Cinema Massimo h16 – h18.15, Cinema Romano h16.30 – h18.45 – h21, UCI Cinemas Lingotto h14 – h19.30

1936. Giovanni Comini è appena diventato il più giovane federale italiano del Partito Fascista. Incarna alla perfezione il progetto fascista di una gioventù fedele al regime. Ha una carriera lanciatissima, sostenuta dal segretario del partito, e suo mentore ,Achille Starace. Questi lo convoca a Roma per affidargli una missione molto delicata : dovrà sorvegliare Gabriele d’Annunzio e metterlo nella condizione di non nuocere. Il Vate, inizia infatti a manifestare segnali di sofferenza verso Mussolini e l’imminente alleanza con Hitler. La trama dell’ultima interpretazione di Sergio Castellitto plana sapientemente attorno all’esteta per definizione, al personaggio letterario a cavallo di due secoli, d’Annunzio, senza mai sconfinare nel risaputo. La lente attraverso cui lo si osserva è appunto Comini, che al cospetto del poeta, in ritiro al Vittoriale, metterà i discussione molti dei suoi ideali. Il film è il primo lungometraggio per il cinema di Jodice, regista e sceneggiatore italiano. 

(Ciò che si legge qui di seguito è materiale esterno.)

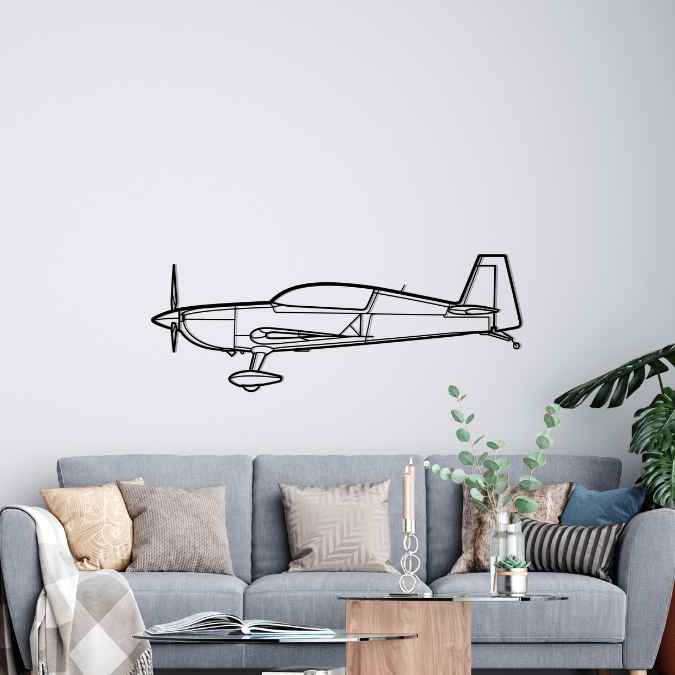 Décoration murale en métal - 300 LPS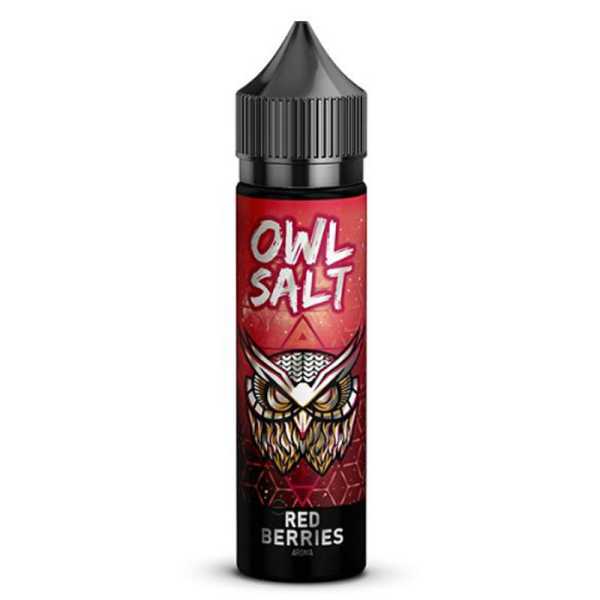 Red Berries OWL Longfill Aroma 10/60ml (süßer Beerenmix mit Blaubeere, Himbeere und säuerlicher Granatapfel)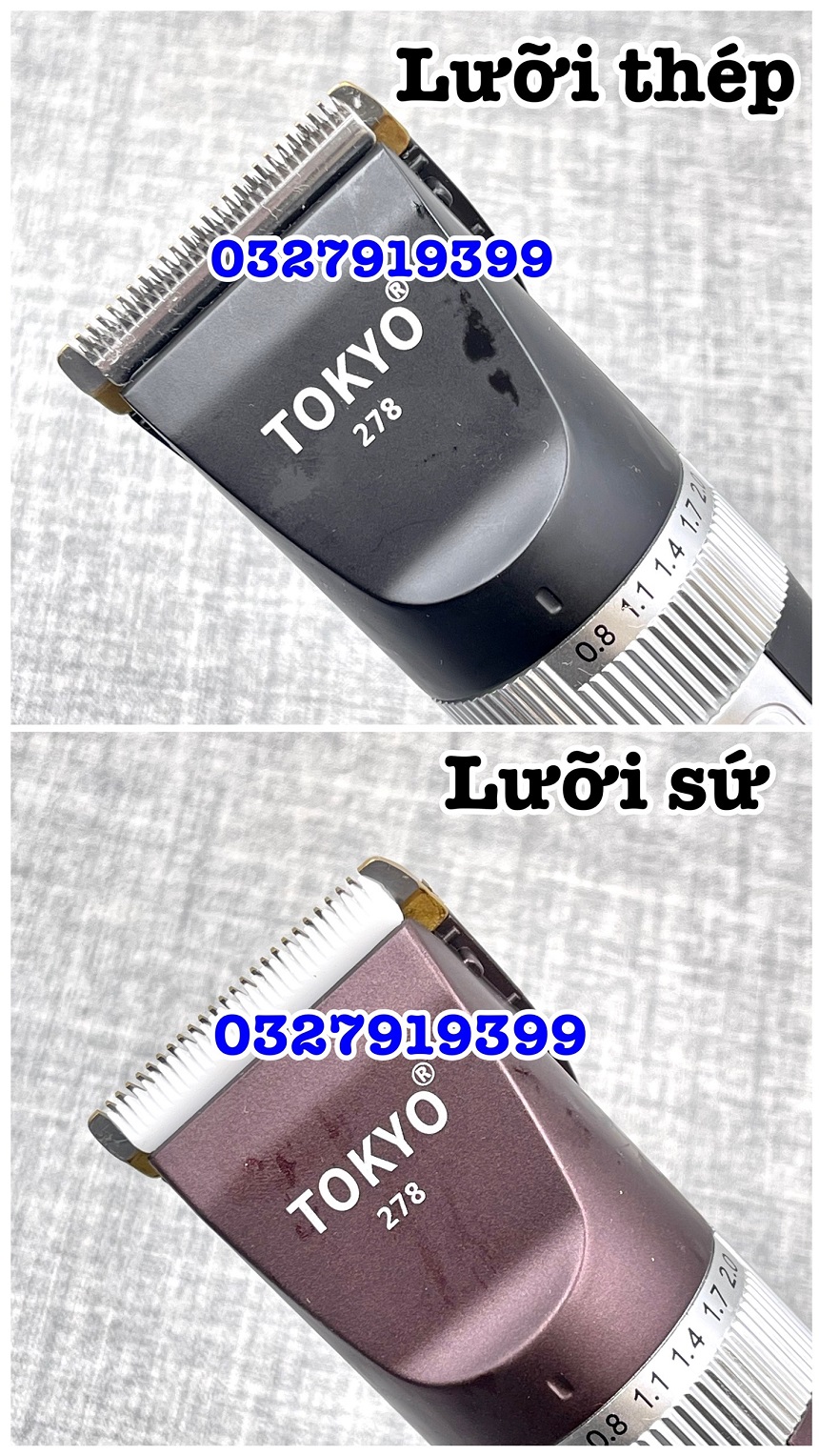 Tông đơ cắt tóc cao cấp 2 pin M6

“The Human Voice”, di Pedro Almodovar (2020) (durata 30′)

Cinema Centrale Arthouse, Da Mer 2 a Mar 8 – h15, Mer 9 – h13.45

Pedro Almodovar attinge, come altri prima di lui, dal testo teatrale La voix humaine scritto da Jean Cocteau nel 1928, plasmando la figura della protagonista attorno al talento di Tilda Swinton, che è anche l’ unica attrice. Muovendosi in una casa silente – ma dai toni caldi e vividi che annunciano il magma emotivo della protagonista – Swinton è una donna che attende la telefonata dell’uomo che l’ha abbandonata. Con lei Dash, cane irrequieto rimasto solo, sospeso tra l’assenza di lui e il silenzio assorto di lei. La protagonista attraversa tutte le turbolenze della sofferenza amorosa, passando dall’euforia all’idea del suicidio. Nei tre giorni di attesa, la donna esce in strada una sola volta, per comprare un’ascia e una tanica di benzina. La telefonata del partner arriva sul finale: ecco, la “voce umana” del titolo. Una voce che mai udiremo, ma che percepiamo costantemente dall’inizio alla fine del cortometraggio negli indizi che lei, essere abbandonato esattamente come Dash, comunica sugellando un’interpretazione magistrale. Il film, della durata di 30 minuti, è stato presentato fuori concorso alla 77esima Mostra del Cinema di Venezia, dove alla Swinton è stato assegnato il leone d’oro alla carriera.


Una moglie” (A Woman Under the Influence), di John Cassavetes (1984) (durata 155′)

Cinema Massimo, Sab 5, h.15.30 e Mer 9, h 18.15 (v. o. sott. ita)

Il Massimo prosegue il ciclo di film dedicati al regista americano John Cassavetes, un autentico simbolo della cinematografia indipendente degli Stati Uniti. Le storie dietro a “A Woman Under the Influence” sono molte. Per “Una moglie”, la casa della coppia di Cassavetes e della moglie Gena Rowlands fu ipotecata, al fine di poter finanziare le riprese. Il rientro economico fu però grandioso: undici milioni di dollari di incasso. Proprio a Rowlands è affidato il ruolo della protagonista Mabel, moglie dell’operaio Nick Longhetti (Peter Falk) che, pur essendo molto legata al marito, non contiene una fragilità autodistruttiva che la porta al ricovero in un ospedale psichiatrico. Apparentemente ristabilita, la donna fa ritorno a casa, ma l’instabilità della relazione familiare – vera protagonista del film – torna a bussare forte a casa Longhetti. La coppia Cassavetes-Rowlands ha giocato un ruolo fondamentale nel disgelo della critica e dell’industria cinematografica nei confronti delle idee e dello stile di Cassavetes. Una scoperta purtroppo postuma, ma che proprio a Una moglie – e al ritratto femminile indimenticabile di Mabel Longhetti – deve moltissimo.